De drie filmers slagen erin over te brengen dat verreweg de meeste
mensen aan beide zijden van het conflict wel degelijk bereid zijn in
vrede met elkaar om te gaan en daaraan willen werken. Tegelijkertijd
erkennen ze de gigantische problemen: de kinderen kennen allemaal wel
iemand die in het conflict om het leven is gekomen. Doordat de filmers
onderkennen dat er een oorzaak aan te geven is waarom de kinderen
elkaar haten en praktische oplossingen daarvoor proberen te vinden
blijft de documentaire niet steken in brave, linksige goede bedoelingen.

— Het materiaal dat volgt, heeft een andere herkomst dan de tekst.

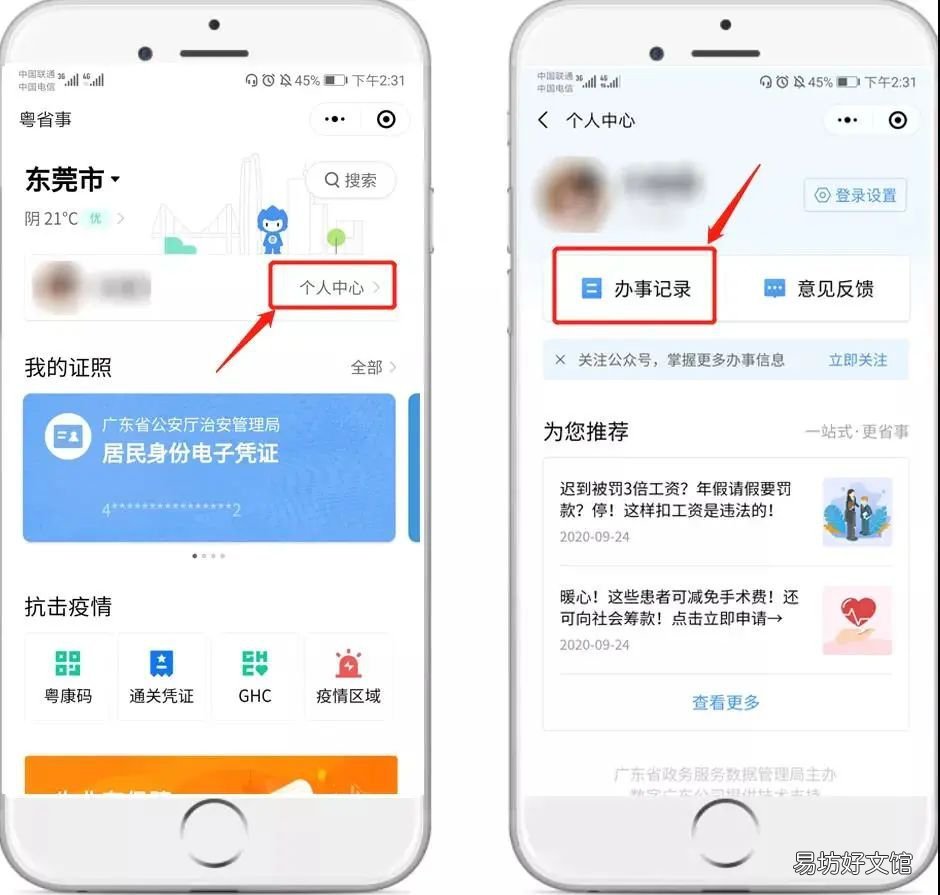 2021东莞出生医学证明网上办理指南 深圳出生医学证明办理期限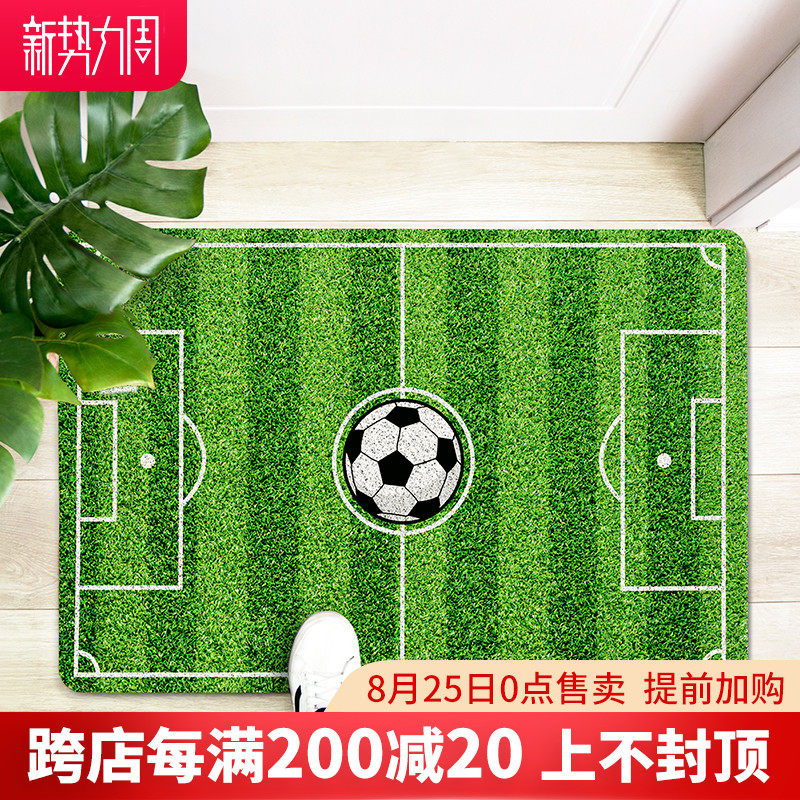 起贝现代绿色足球场丝圈地垫进y门地毯入户门垫门厅玄关蹭灰蹭脚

Een van de Palestijnse kinderen praat met schokkende passie over de
mooie aspecten van zelfmoordaanslagen. De documentaire laat
tegelijkertijd zien welke wereld de jongen ziet in Oost-Jeruzalem, in
dit geval de feestelijke herdenking van de Israëlische overwinning van
1967. De jongen vertelt dat zijn maag zich samenbalt bij het zien van
de door de straten dansende Israëli’s en noemt de optocht een
provocatie.
Shlomo, de jongen uit Bet-El, wijst in de Tora aan waar geschreven
staat dat God het land Israël aan Abraham gaf. Hard daarop het beeld
van een Palestijnse school waar onderwezen wordt dat Israël al het land
inpikt en dat heel Jeruzalem aan de Palestijnen toebehoort.
Het is een wonder dat de kinderen ondanks alles in staat zijn vrij na te denken en zich een betere wereld voor te stellen.
De tweelingbroertjes Yarko en Daniel hebben van alle kinderen de minst
politieke kijk op de zaken. De Palestijnse kinderen hebben het meeste
last van het conflict en lijken aanvankelijk niet erg bereid tot
praten, maar geleidelijk blijkt dat ze vooral snakken naar contact en
vriendschap met de wereld buiten hun beperkte gebied.
*Yarko en Daniel, een Israëlische tweeling uit een niet-religieuze familie.
Faraj, een Palestijnse jongen uit het Deheishe vluchtelingenkamp op de Westbank.
Sanabel, een Palestijns meisje uit Deheishe.
Shlomo, een ultra-orthodoxe jongen uit de joodse wijk in de oude stad van Jeruzalem
Mahmoud, een Palestijnse jongen uit Oost-Jeruzalem
Moishe en zijn zusje Raheli uit de nederzetting Bet El op de Westbank.